# New process for visa applications within UK



## Whatshouldwedo (Sep 29, 2013)

We have been watching for some time the news on a change in the process for applying for visas from within the UK. This link gives a very detailed analysis of the procedure. It comes on stream during November. 

https://legalcentre.org/files/UK_UK_New_Services_Oct_2018.pdf


----------



## Ukkram (Aug 21, 2018)

Great news. Thanks.


----------



## Whatshouldwedo (Sep 29, 2013)

Any impressions? The process looks a bit scary to me!


----------



## Ukkram (Aug 21, 2018)

Yeah. I thought we were to apply for pre-settled status first and 5 years later for settled status. Can't find it on there. 
Confusing.
Enter and register using freedom of movement EU regulations. Get the above. 
OR
Enter using domestic law. Get LTR and 5 years later get ILTR. ?????

Shoot. Must get a lawyer.


----------



## Crawford (Jan 23, 2011)

Ukkram said:


> Yeah. I thought we were to apply for pre-settled status first and 5 years later for settled status. Can't find it on there.
> Confusing.
> Enter and register using freedom of movement EU regulations. Get the above.
> OR
> ...


Currently, the new system - UKVCAS - is only for those IN the UK applying for new/extentions to visas.

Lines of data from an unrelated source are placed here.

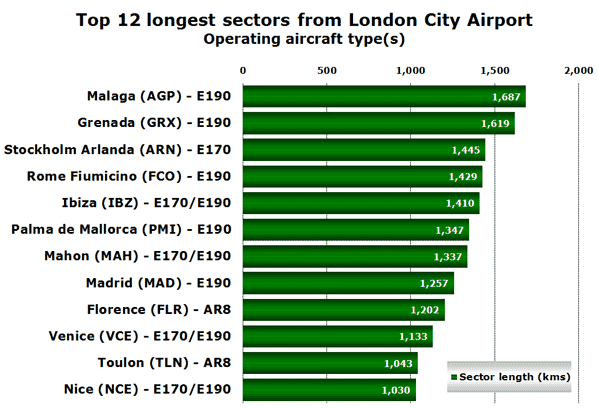 Top 12 longest sectors from London City Airport Operating aircraft type(s)
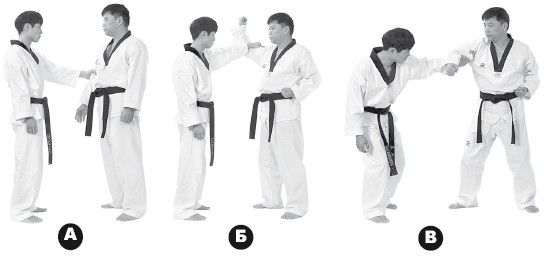 Чой Сунгмо - Азбука самозащиты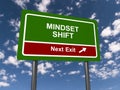 mindset shift next exit traffic sign on blue sky Royalty Free Stock Photo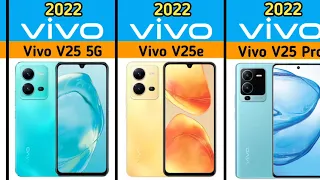 Evolution Vivo V Series 2015-2023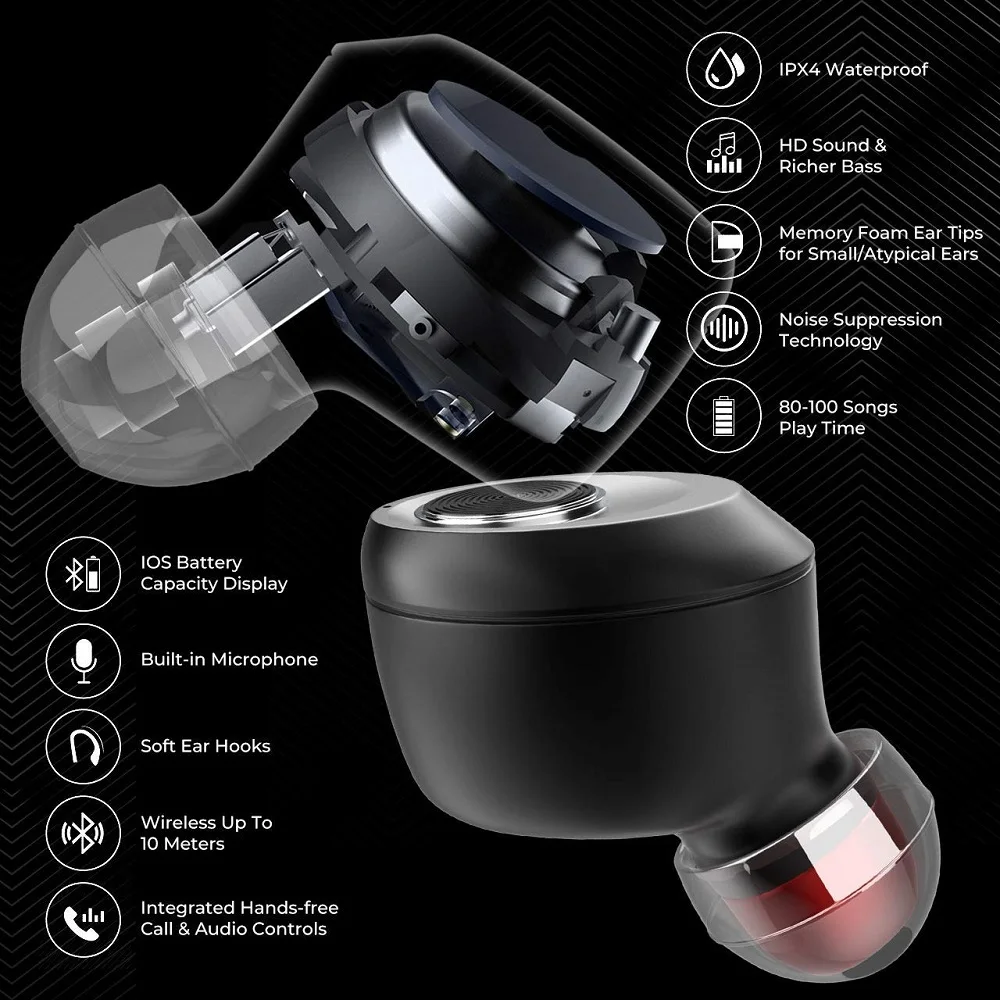Gerleek Capsule TWS беспроводные наушники V5.0 Bluetooth гарнитура глубокий бас стерео звук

Those wishing to ENTER the UK cannot use new system until Jan 2019


----------



## Toby1988 (Jul 6, 2016)

It’s good that they’ve got Bournemouth in there which is where we live as an enhanced service point however I would want a same day decision . Guess everyone need bit more clarity on this. #waiting


----------



## Whatshouldwedo (Sep 29, 2013)

We do need more information really but it looks like there is a 'next day' decision so not too bad.


----------



## MichealP (Oct 25, 2018)

What is about the looming Brexit? 
Those are the rules which will be changed first according to the political will IMHO. 
Brexit happend mostly due to immigration I think.

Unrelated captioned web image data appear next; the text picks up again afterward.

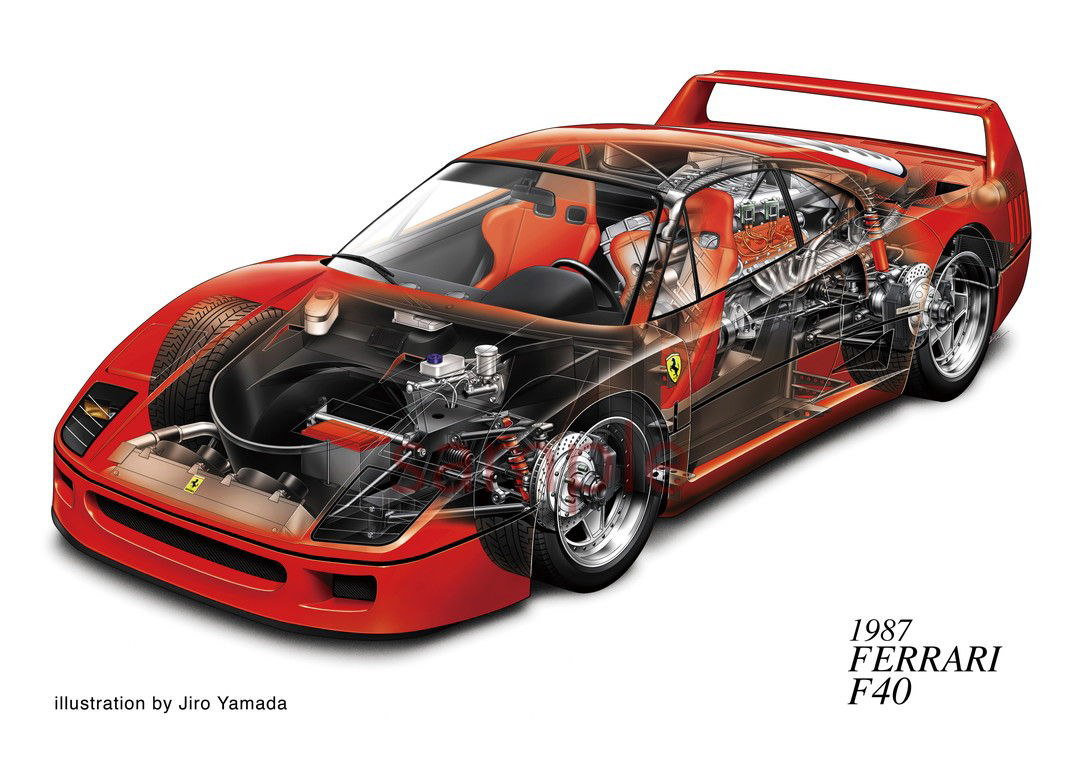 Иллюстрация Ferrari F40 1987: разрезной взгляд на мотор, каркас и интерьер в характерной манере Дзиро Ямады — детализированная техника и чертежная аккуратность.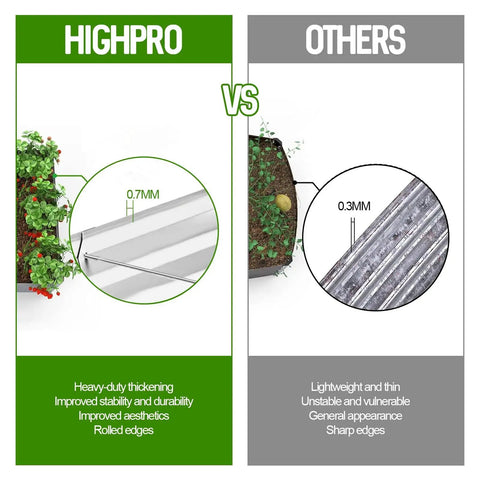 Comparison of 0.7mm galvanized raised garden bed against 0.3mm competitor, showcasing durability and stability for deep root plants.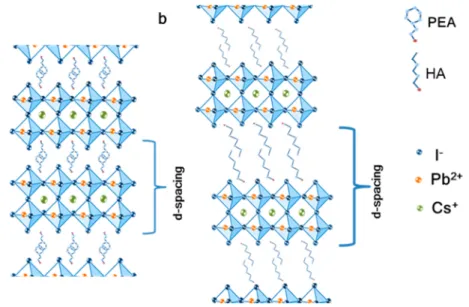 Figure 2 b shows the XRD patterns for CsPbI 3 , the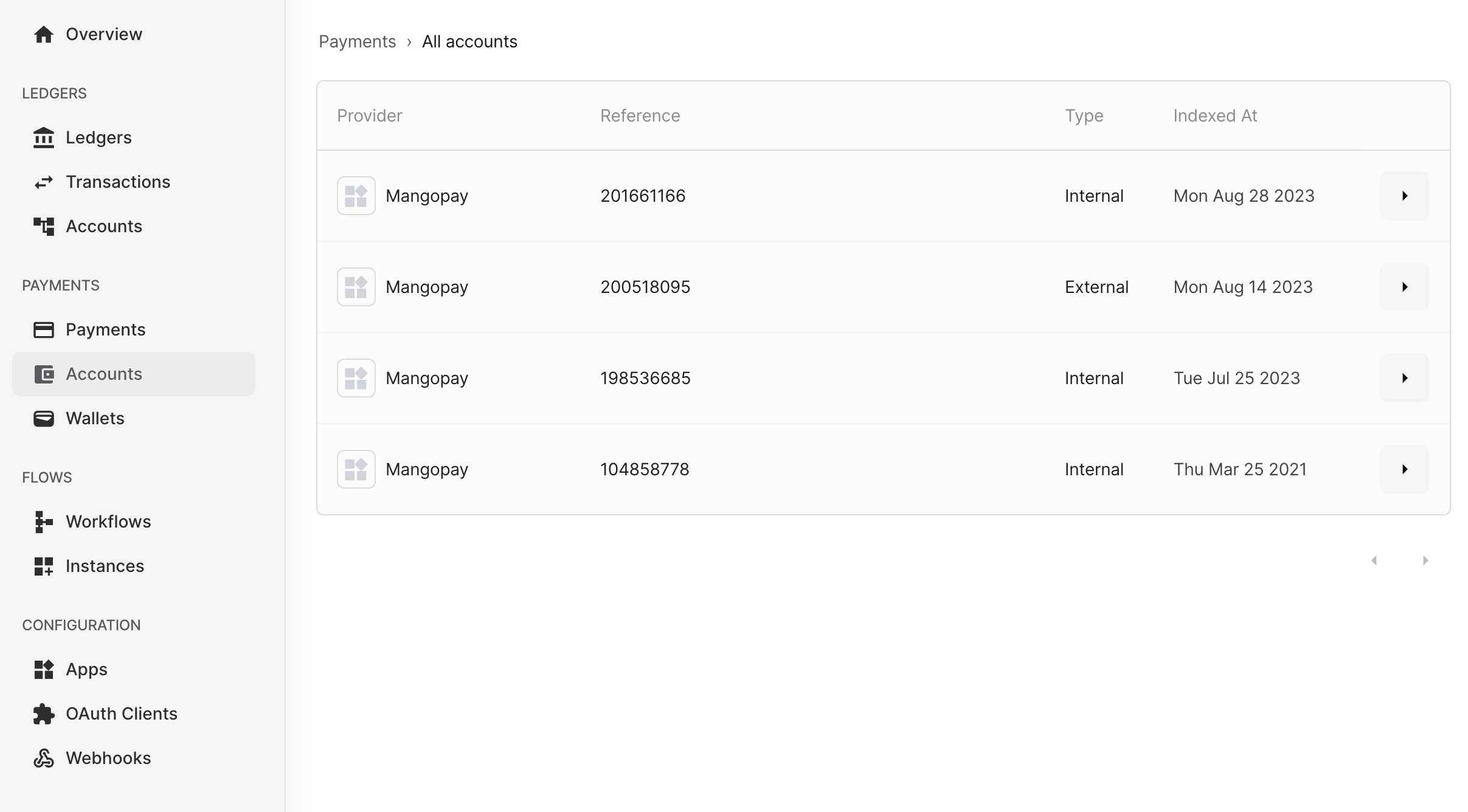 Accounts Listing on Formance Console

Even so most immigration will still come as they are from former colonies.


----------



## Touchline Dad (Mar 28, 2014)

All I know is I'm glad I don't apply for ILR until June...My head is spinning..


----------



## Msia12 (Nov 14, 2017)

Adding more options and getting rid of the one option most people prefer, Premium Service Centres...yep really makes sense... I dont think...

Sent from my NX531J using Tapatalk


----------



## Msia12 (Nov 14, 2017)

Touchline Dad said:


> All I know is I'm glad I don't apply for ILR until June...My head is spinning..

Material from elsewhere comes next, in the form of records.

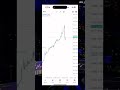 trading $1k to $150k on gold 🔥 #forex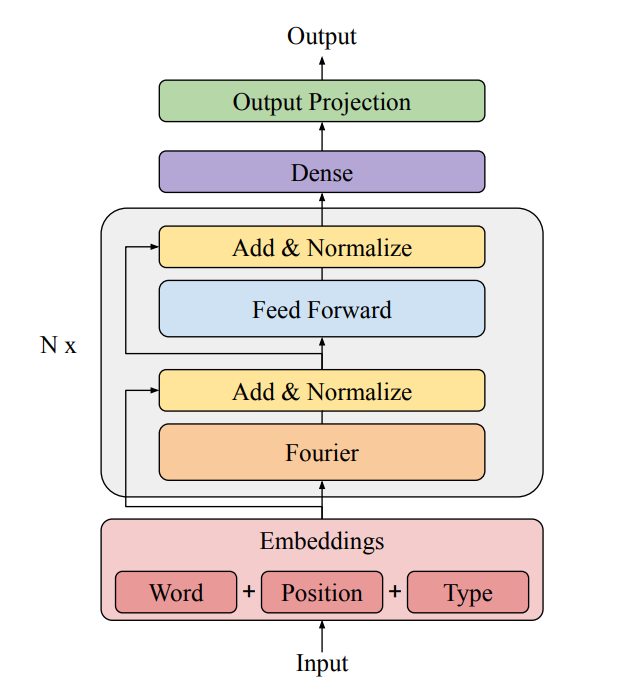 FNet model architecture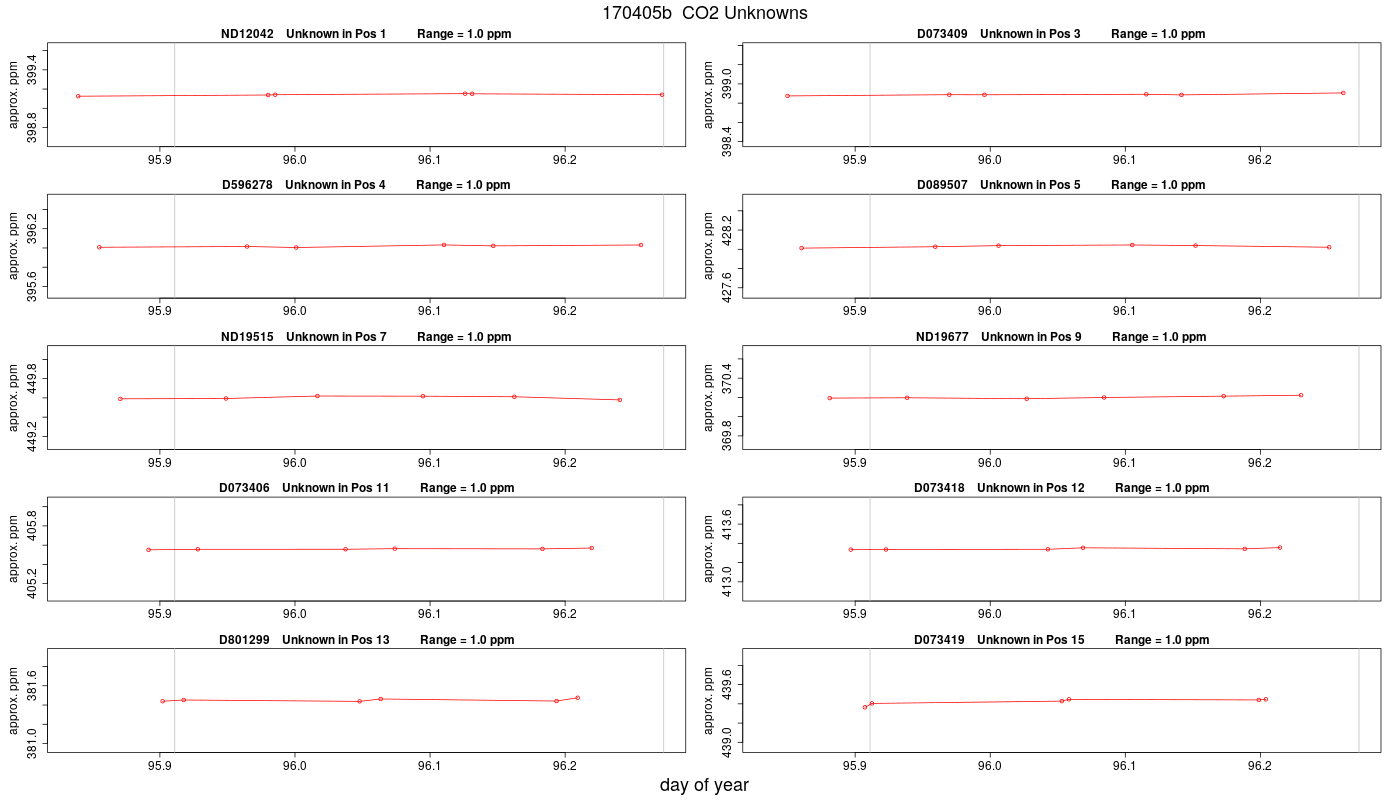 CO2 Unknowns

Plus there will undoubtedly be a ton of issues and the inevitable big mess to start with...

Sent from my NX531J using Tapatalk


----------



## Ukkram (Aug 21, 2018)

MichealP said:


> What is about the looming Brexit?
> Those are the rules which will be changed first according to the political will IMHO.
> Brexit happend mostly due to immigration I think.
> 
> Even so most immigration will still come as they are from former colonies.


No pal. We are from South Africa and have to go through the same hoops as a Chinaman or Russian. Commonwealth countries do not get free tickets to the UK.


----------



## hippoman (Mar 20, 2017)

Shame they've got rid of premium service centres, and selfishly it's a shame that Sheffield is no longer a location. Having said that, saving £500 because I can upload my own documents and knowing they won't be mislaid/lost is a nice thought:

"Customers will be able to ‘self-upload’ their supporting documents (e.g. from home or office); and there will be self-service biometric kiosks available in service centres, making the process quicker."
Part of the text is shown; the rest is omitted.